▶ TASK ITEM: Starting with the line that contains "Amplificador De Voz", copy every line through the end of the listing, exactly and only those. No pictures should appear in the copy.

▶ PROVIDED DATA:
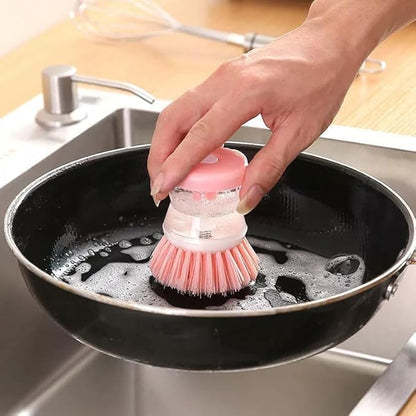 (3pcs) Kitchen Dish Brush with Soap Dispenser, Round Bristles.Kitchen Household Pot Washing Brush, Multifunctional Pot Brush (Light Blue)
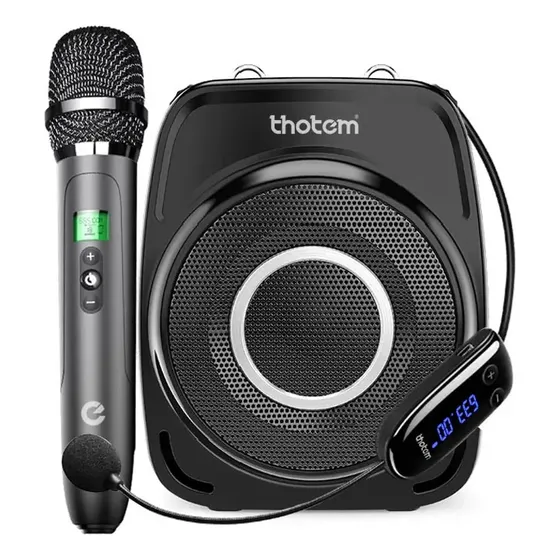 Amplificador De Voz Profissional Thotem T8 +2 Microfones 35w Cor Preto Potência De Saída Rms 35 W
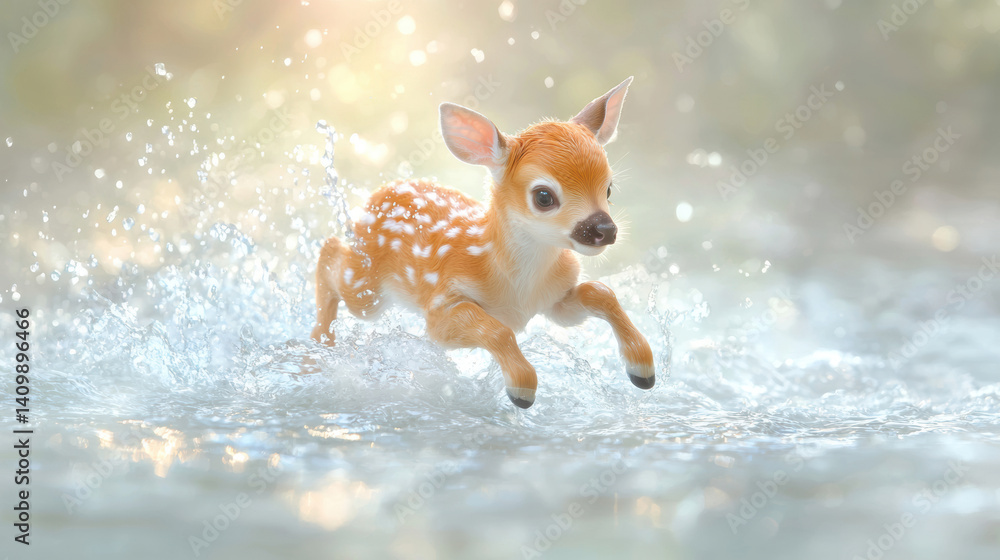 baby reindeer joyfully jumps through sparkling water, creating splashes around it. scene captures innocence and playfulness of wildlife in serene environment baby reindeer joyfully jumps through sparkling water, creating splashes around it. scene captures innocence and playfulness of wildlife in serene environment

▶ RESULT FOR THIS TASK:
 Amplificador De Voz Profissional Thotem T8 +2 Microfones 35w Cor Preto Potência De Saída Rms 35 W
 baby reindeer joyfully jumps through sparkling water, creating splashes around it. scene captures innocence and playfulness of wildlife in serene environment baby reindeer joyfully jumps through sparkling water, creating splashes around it. scene captures innocence and playfulness of wildlife in serene environment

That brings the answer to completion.